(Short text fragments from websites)

----

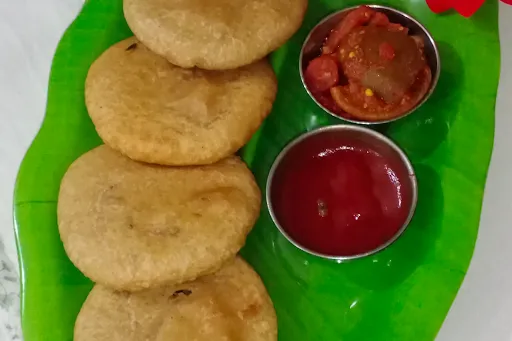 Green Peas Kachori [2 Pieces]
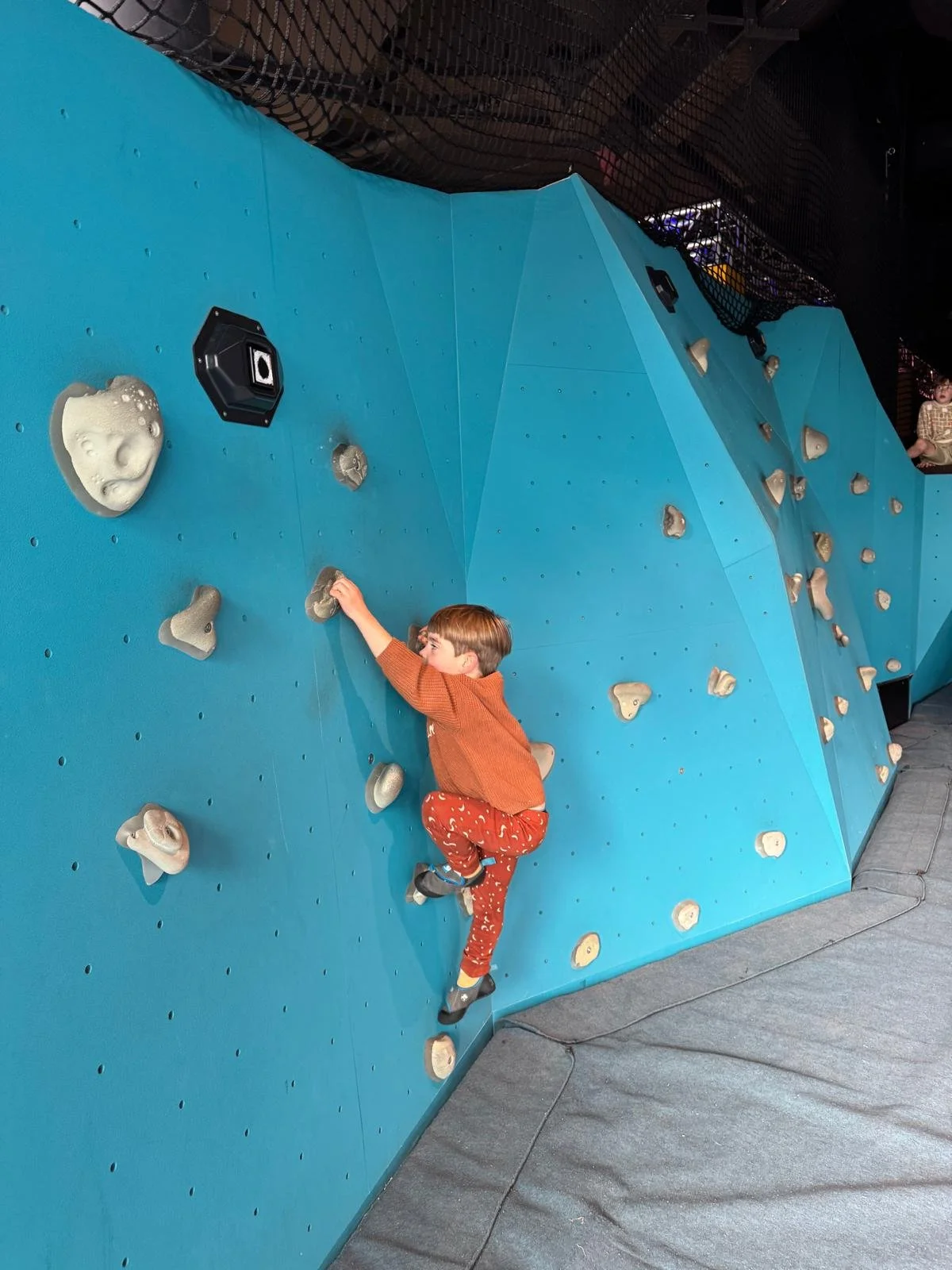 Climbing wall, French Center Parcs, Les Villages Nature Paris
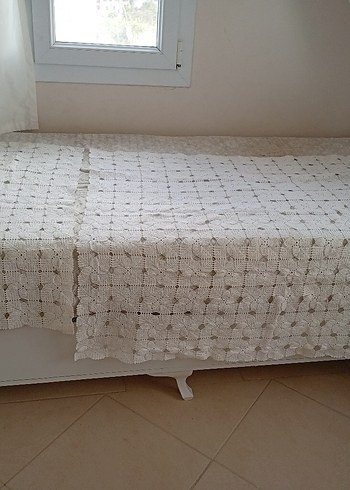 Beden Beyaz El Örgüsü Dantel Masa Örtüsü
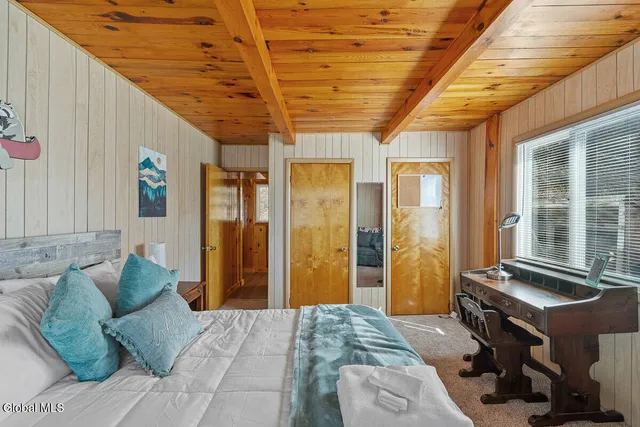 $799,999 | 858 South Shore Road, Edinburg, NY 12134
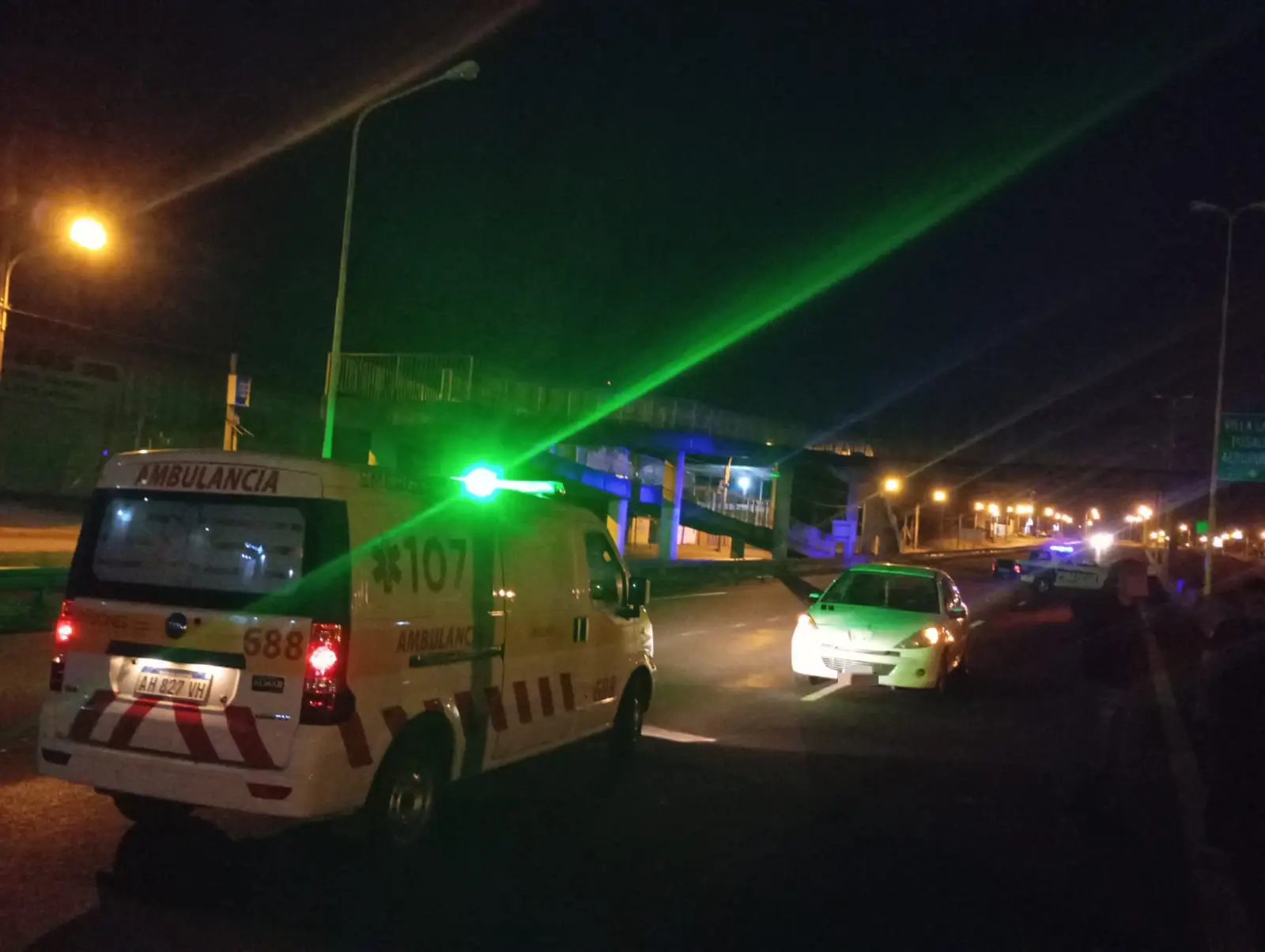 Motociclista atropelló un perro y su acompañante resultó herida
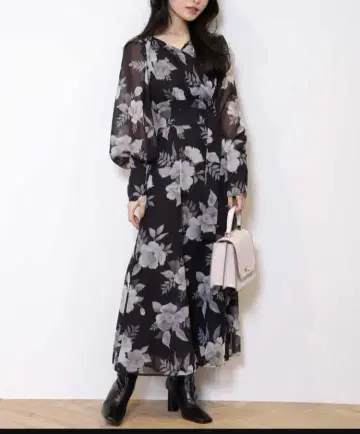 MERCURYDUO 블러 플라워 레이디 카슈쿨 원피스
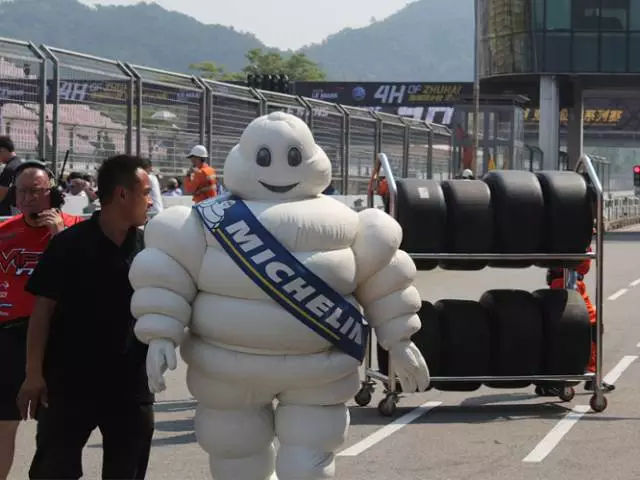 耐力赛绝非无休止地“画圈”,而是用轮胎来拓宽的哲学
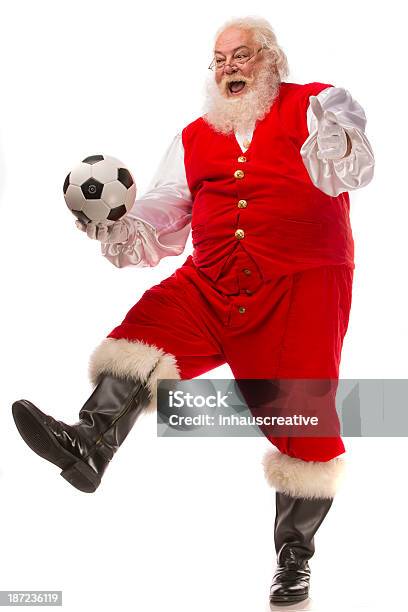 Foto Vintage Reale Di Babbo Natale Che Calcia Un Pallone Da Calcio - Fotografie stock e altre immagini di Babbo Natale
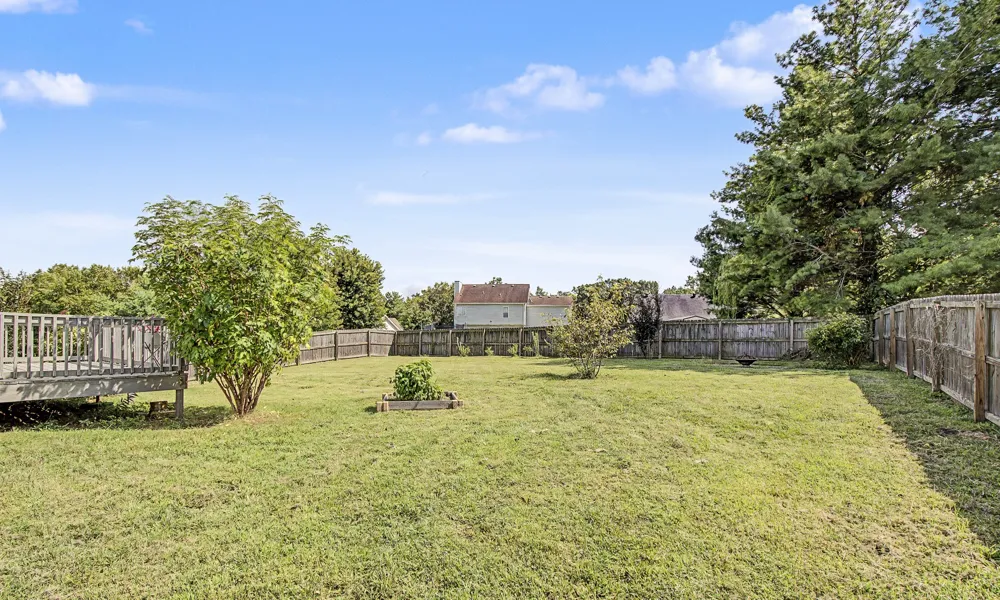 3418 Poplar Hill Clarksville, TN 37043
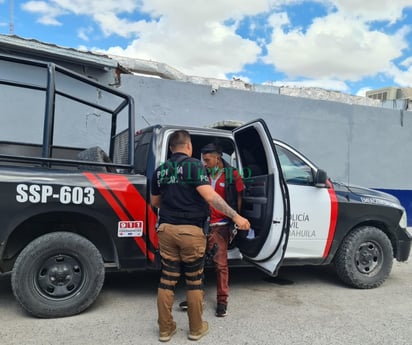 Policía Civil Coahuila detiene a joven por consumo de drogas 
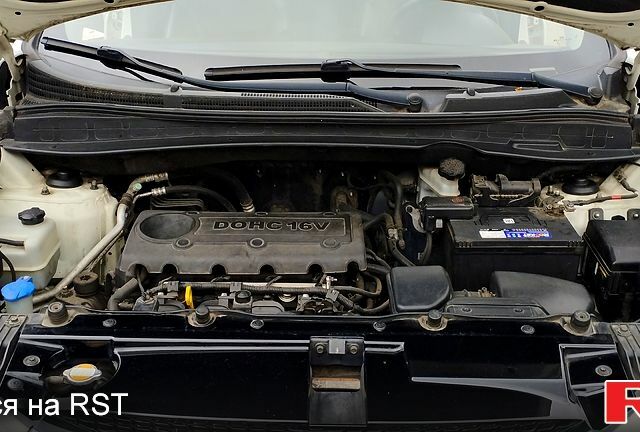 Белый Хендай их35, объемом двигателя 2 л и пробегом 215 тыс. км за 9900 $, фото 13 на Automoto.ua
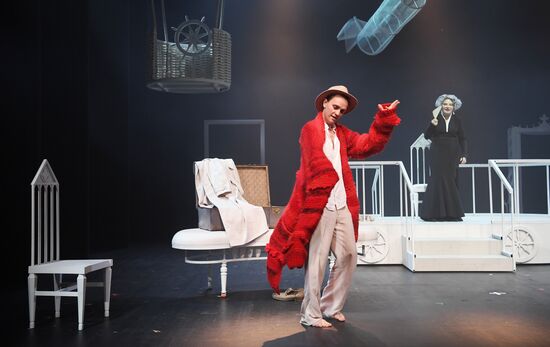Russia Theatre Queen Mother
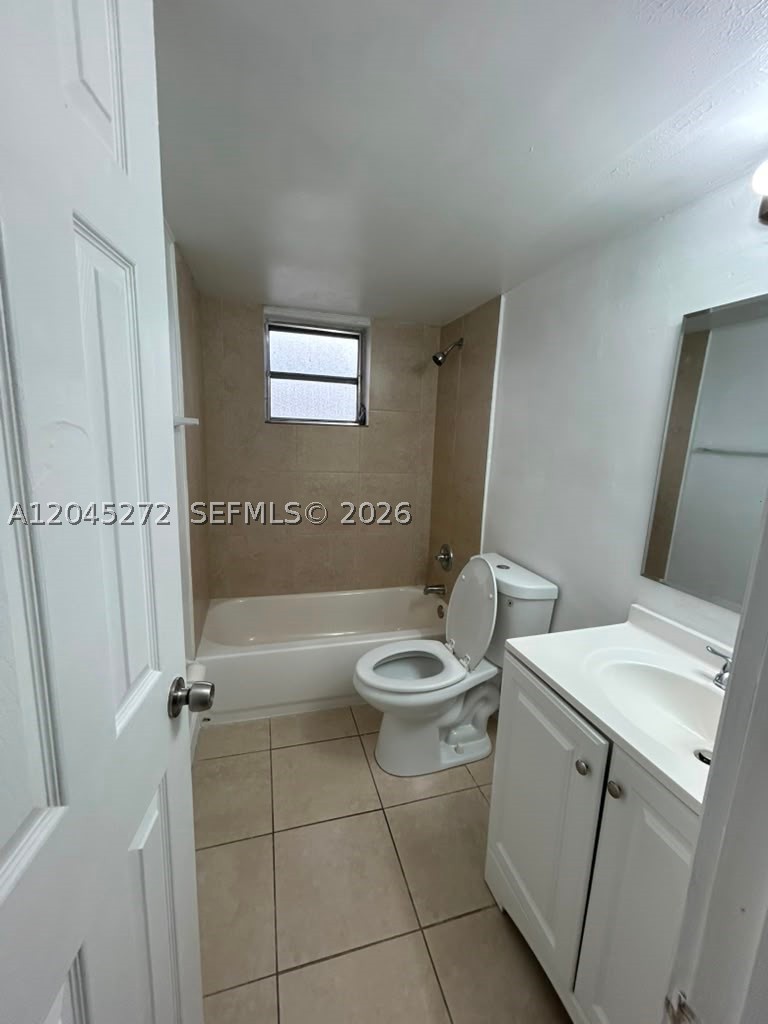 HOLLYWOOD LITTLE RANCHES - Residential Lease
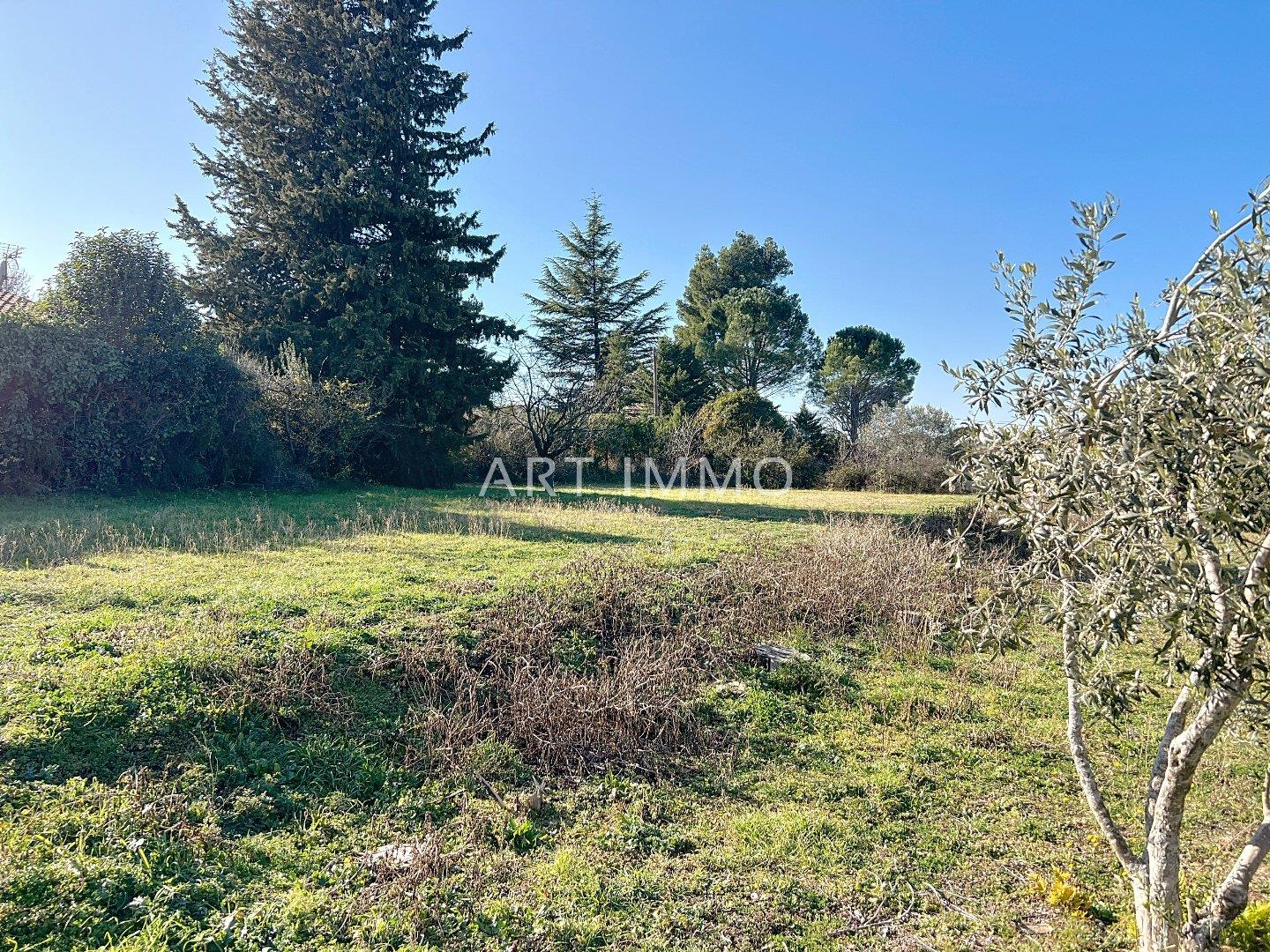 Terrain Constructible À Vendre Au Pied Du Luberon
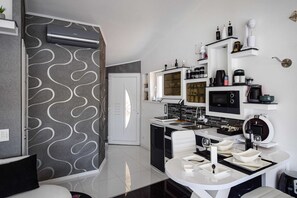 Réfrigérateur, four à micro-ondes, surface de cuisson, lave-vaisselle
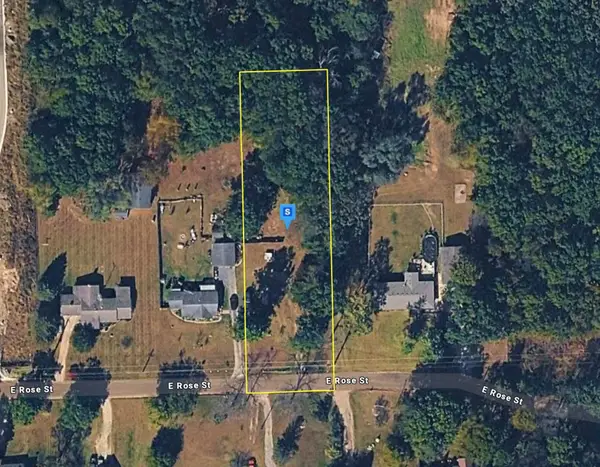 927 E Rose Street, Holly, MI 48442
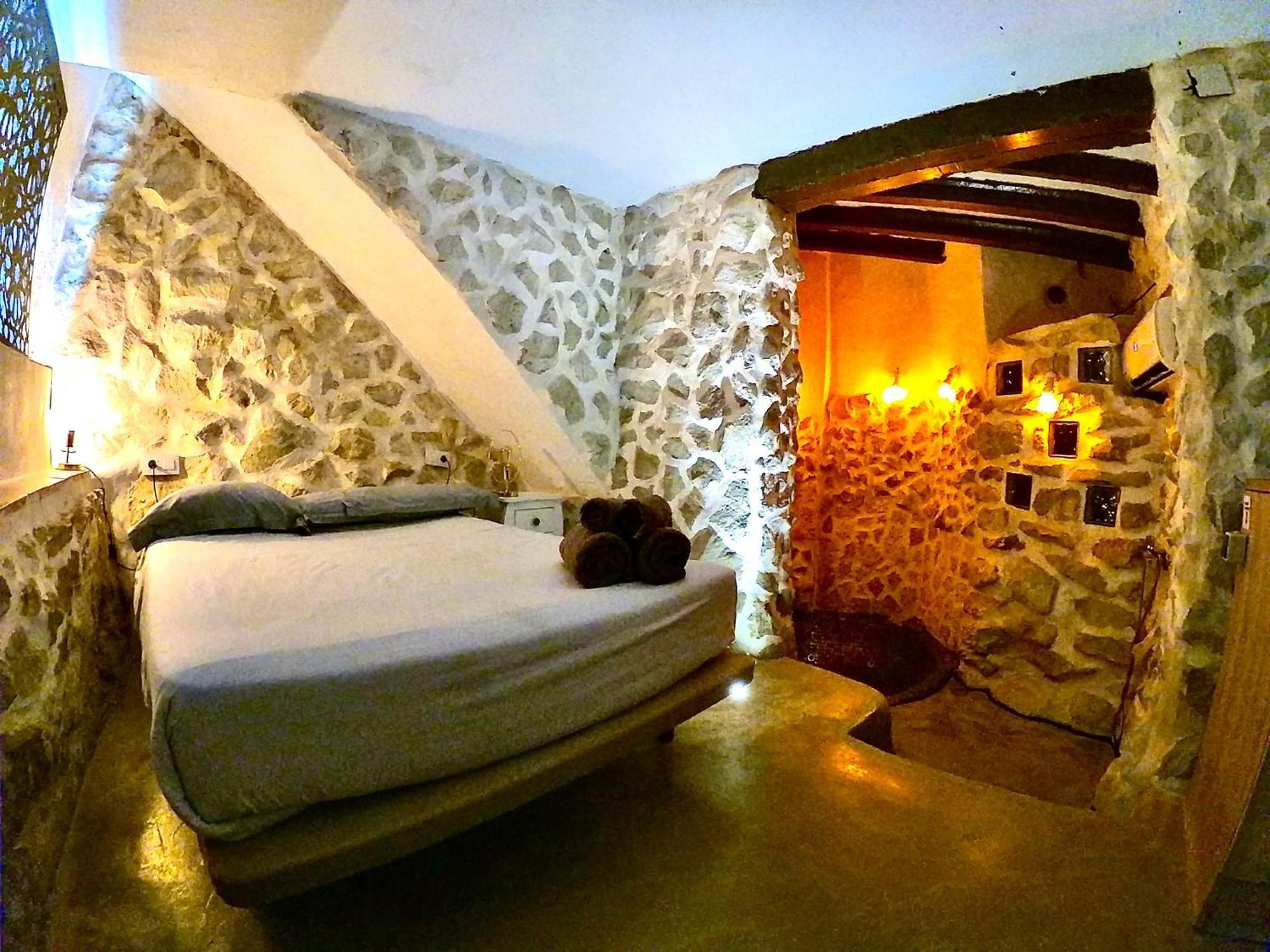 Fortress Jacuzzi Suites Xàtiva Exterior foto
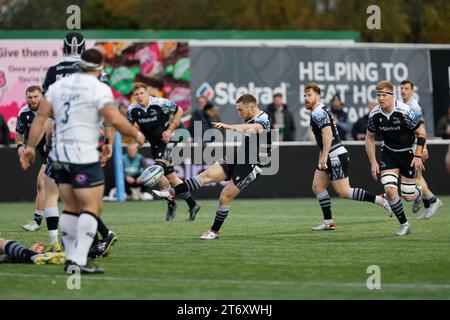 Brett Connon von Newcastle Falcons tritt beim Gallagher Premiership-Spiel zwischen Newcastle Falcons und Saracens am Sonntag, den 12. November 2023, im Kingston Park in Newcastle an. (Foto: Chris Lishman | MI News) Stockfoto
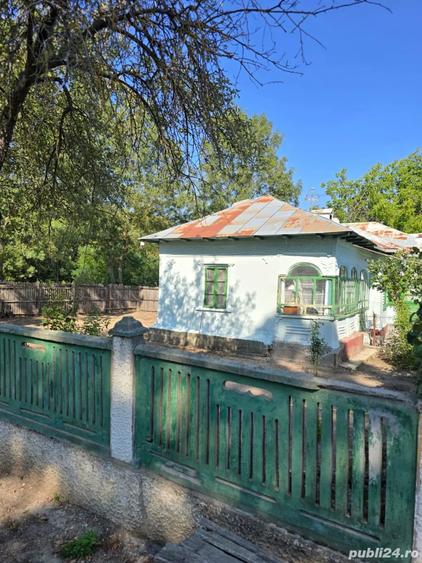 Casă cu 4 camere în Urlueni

----

Work instruction:
Please leave out the pictures as you reproduce the lines exactly, from the first line of the entries through the line containing "MERCURYDUO 블러 플라워 레이디 카슈쿨 원피스".

Written response:
 Green Peas Kachori [2 Pieces]
 Climbing wall, French Center Parcs, Les Villages Nature Paris
 Beden Beyaz El Örgüsü Dantel Masa Örtüsü
 $799,999 | 858 South Shore Road, Edinburg, NY 12134
 Motociclista atropelló un perro y su acompañante resultó herida
 MERCURYDUO 블러 플라워 레이디 카슈쿨 원피스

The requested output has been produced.